Pakistan Sugar Mills Association (PSMA) expects nearly five million tonnes of sugar from the new crop, with the country still holding about 700,000 tonnes in stocks, including about 150,000 tonnes from 2010 imports.

“We are expecting a 60-million-tonne sugarcane crop, of which mills will likely crush 54 million tonnes and are expected to produce five million tonnes of refined sugar,” Javed Kayani, chairman of the PSMA, told Reuters.

Annual consumption is about 4.2 million tonnes.

“There is no chance of imports as we will have a surplus in the next season and there is still stock available from the previous season,” he said.

Crushing will start in the main sugar-growing province of Punjab by the weekend and in Sindh a week later where farmers still had problems with floodwaters after a heavy monsoon rainfall in August and September.

Pakistan produced 4.1 million tonnes of refined sugar in 2010/11 (July-June) year despite devastating floods in 2010.

Pakistan’s government last month decided to import 100,000 tonnes of refined sugar to beef up reserves, without setting a timetable.
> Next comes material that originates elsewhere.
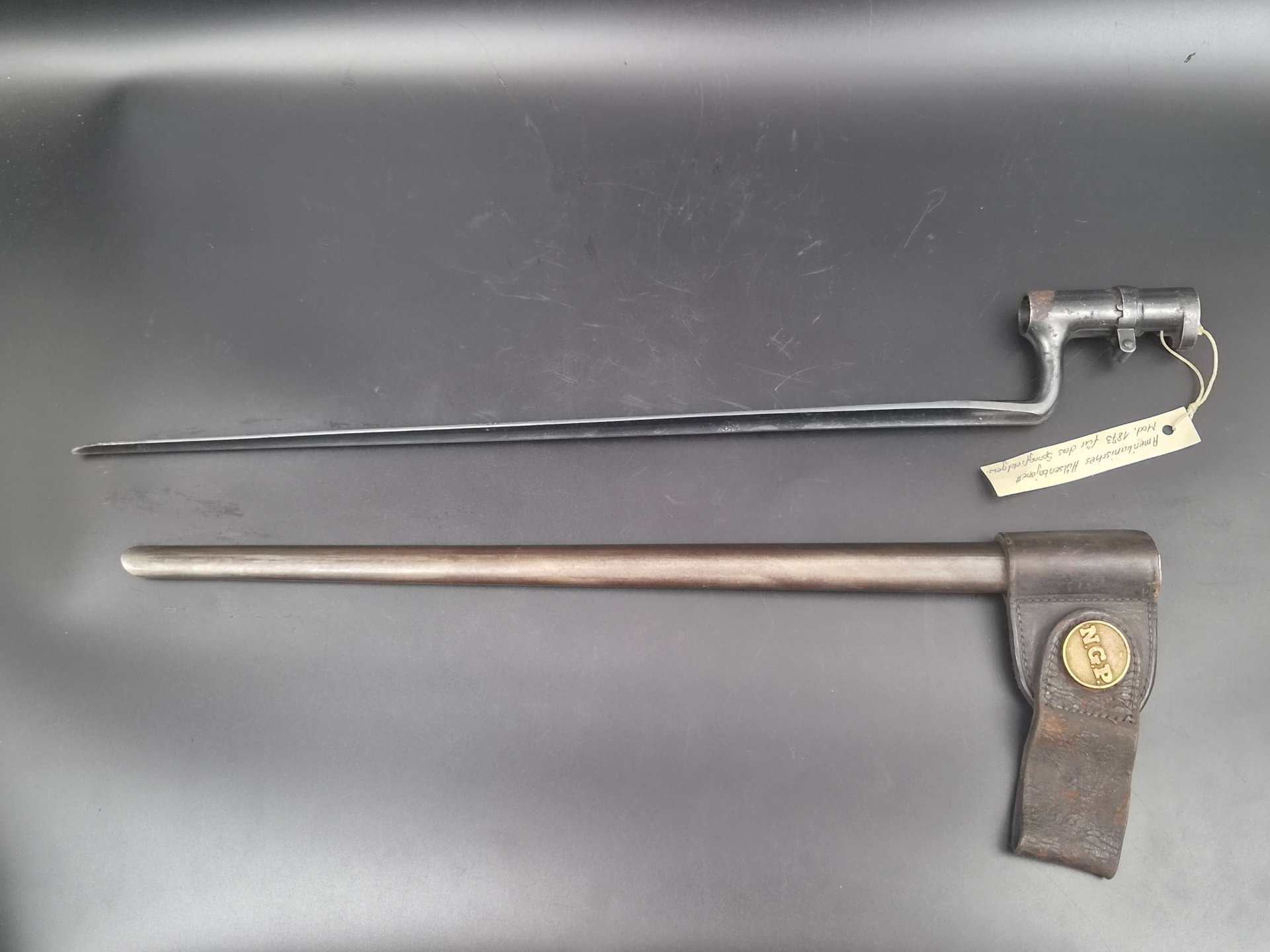US Hülsenbajonett Mod. 1873 mit Scheide für Springfield Gewehr – Bild 1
But a tender by the state-run Trading Corporation of Pakistan (TCP) early this month to purchase 200,000 tonnes of sugar from local mills, and promises of more supplies by PSMA may reverse the decision to import.

Kayani said mills intend to sell another 200,000 tonnes of surplus refined sugar to the government over January to February, and another 300,000 tonnes around mid-April, at the end of crushing season.
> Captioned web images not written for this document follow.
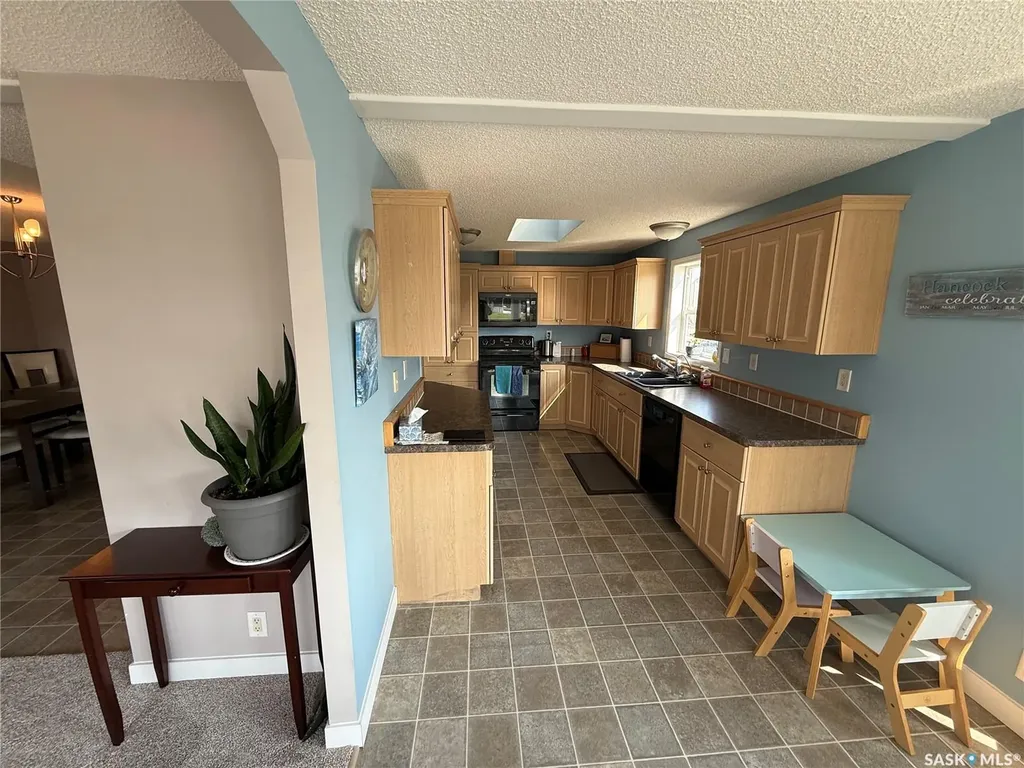 220 5th Street W Carnduff SK S0C 0S0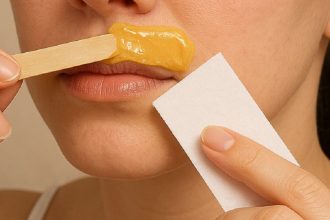 Узнайте, как безопасно и эффективно удалить женские усики в домашних условиях, какие методы не рекомендуются и чем они опасны.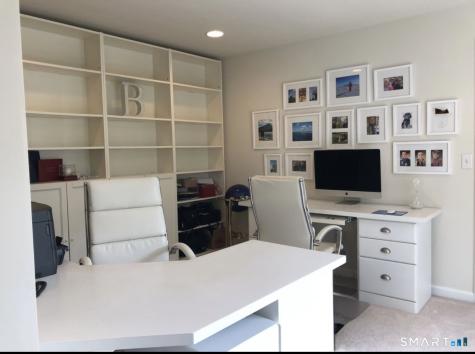293 Sterling Drive Newington CT 06111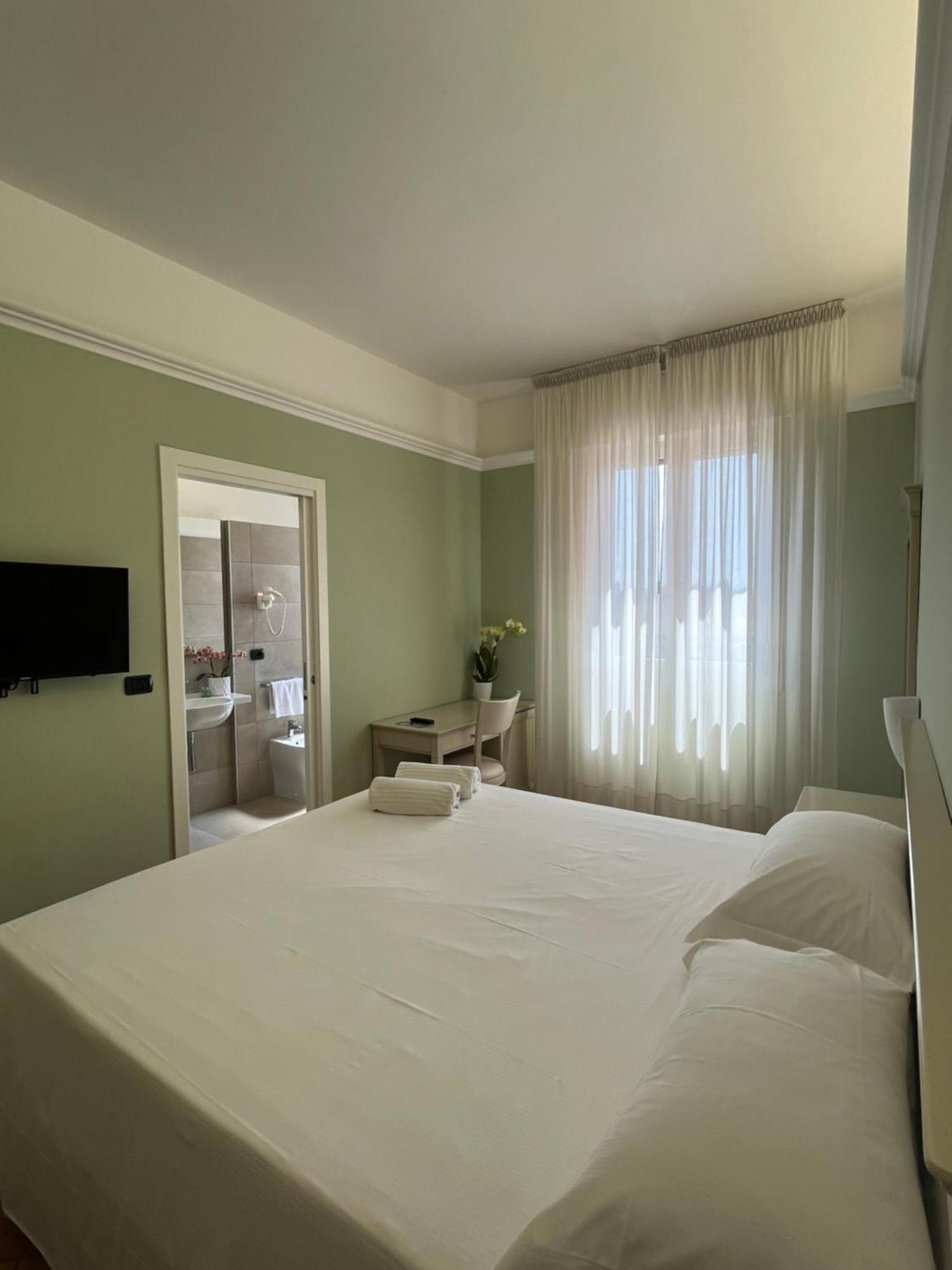 קסטלפרנקו אמיליה Hotel Aquila מראה חיצוני תמונה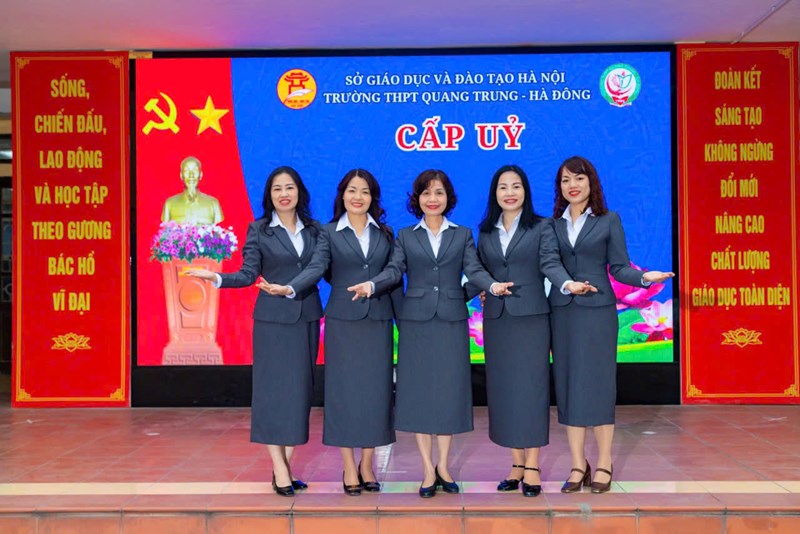 <a href="dang-bo/cap-uy-nha-truong-nhiem-ky-2020-2025/ct/1594/12935.html">Cấp ủy nhà trường nhiệm kỳ 2020-2025</a>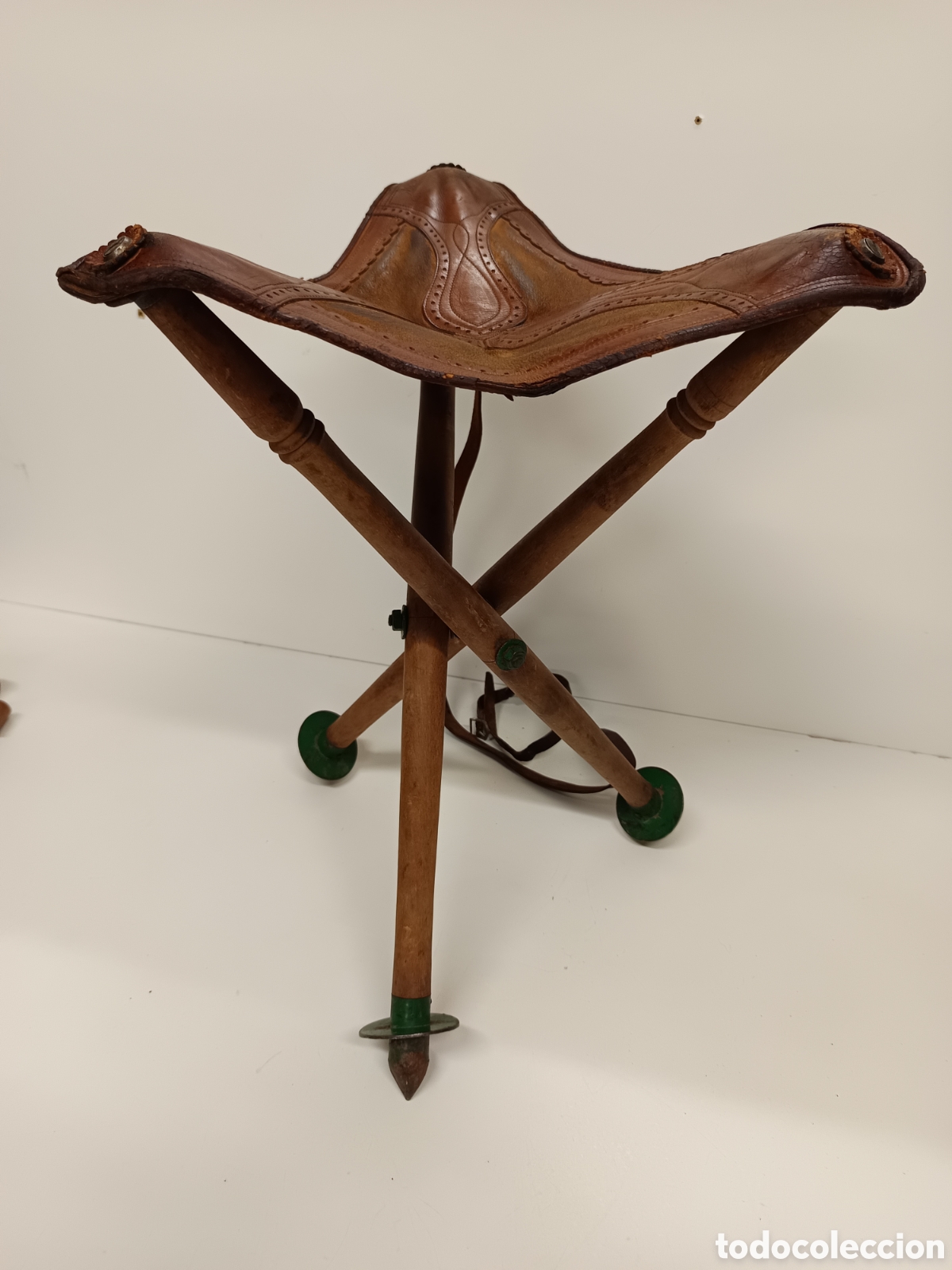 Antig&uuml;edades: Silla taburete plegable caza en cuero - Foto 1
He expects the government to approve the tender which, he said, would help millers make payments to farmers and ensure smooth crushing.

A TCP official said a total of 32 bids for the sale of 215,000 tonnes of sugar had been received against the tender opened on Saturday in a price range of 65,000 rupees ($750.058) and 66,000 rupees, and a decision on bids was likely this week.